Specchio specchio dei miei pregiudizi

I ricercatori creano uno specchio biometrico che giudica la nostra personalità così come noi facciamo con gli altri: al primo sguardo

Condizionati dalle nostre esperienze e fortificati dai nostri pregiudizi, quando vediamo una persona per la prima volta oltre a mettere, nel file del nostro cervello che la riguarda, informazioni su sesso, età, colore di capelli, altezza, mettiamo anche pareri a caldo sulla sua simpatia, sulla potenziale affidabilità, sulla presunta gentilezza. Come se fosse possibile capire tutto questo sulla base di una prima impressione.
Capita molto spesso, infatti, che dopo aver effettivamente conosciuto quella persona ci rendiamo conto di aver avuto una percezione iniziale sbagliata – un pregiudizio, appunto.

Gli scienziati hanno deciso di far luce sul problema prendendo questo meccanismo e portandolo in una intelligenza artificiale, che è stata modellata per prendere decisioni sulla base dei pregiudizi, ovvero sulla base di come noi formuliamo le nostre ipotesi su quello che vediamo.

È così che i ricercatori della University of Melbourne hanno creato Biometric Mirror, uno specchio biometrico che analizza il volto di una persona e ne mostra 14 caratteristiche, tra cui l'età, la razza, il livello percepito di fascino e di attendibilità.
Per insegnare al sistema a fare questo, i ricercatori di Melbourne hanno chiesto a volontari di giudicare migliaia di foto con le stesse caratteristiche: quelli sono stati i dati su cui il Biometric Mirror si è basato per analizzare le persone che vedeva. E poiché le informazioni fornite da questi volontari erano soggettive, anche il suo output lo era.

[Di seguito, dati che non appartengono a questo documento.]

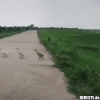 7 gänsemarsch.gif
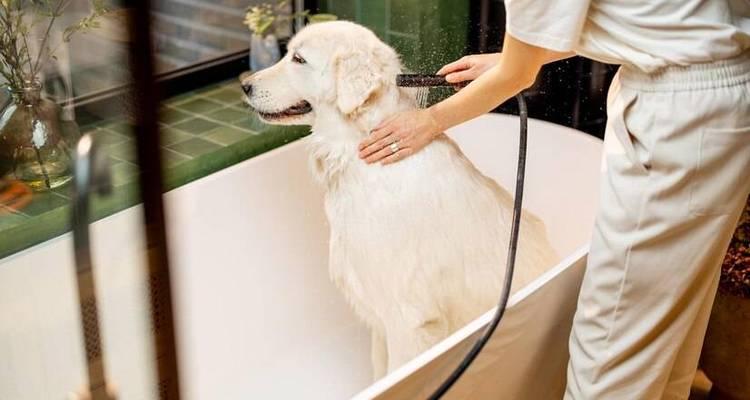 在家里给狗狗洗澡的注意事项（如何正确给宠物犬洗澡，关爱它们的健康和幸福）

Per usare lo specchio biometrico, la persona deve semplicemente stare di fronte al sistema per qualche secondo: il suo volto viene analizzato rapidamente e quindi vengono elencate le caratteristiche percepite sullo schermo. Poi l'intelligenza artificiale chiede alla persona di pensare a come si sentirebbe se quelle informazioni venissero condivise con gli altri: se una riscontrata aggressività la facesse mettere sotto controllo dalle forze dell'ordine o se una mancata attendibilità le impedisse di accedere a un lavoro.
Insomma, domande interessanti sull'etica e sui limiti dell'intelligenza artificiale a seconda di come essa viene implementata e poi usata, ma non solo. Domande interessanti anche su come noi implementiamo noi stessi.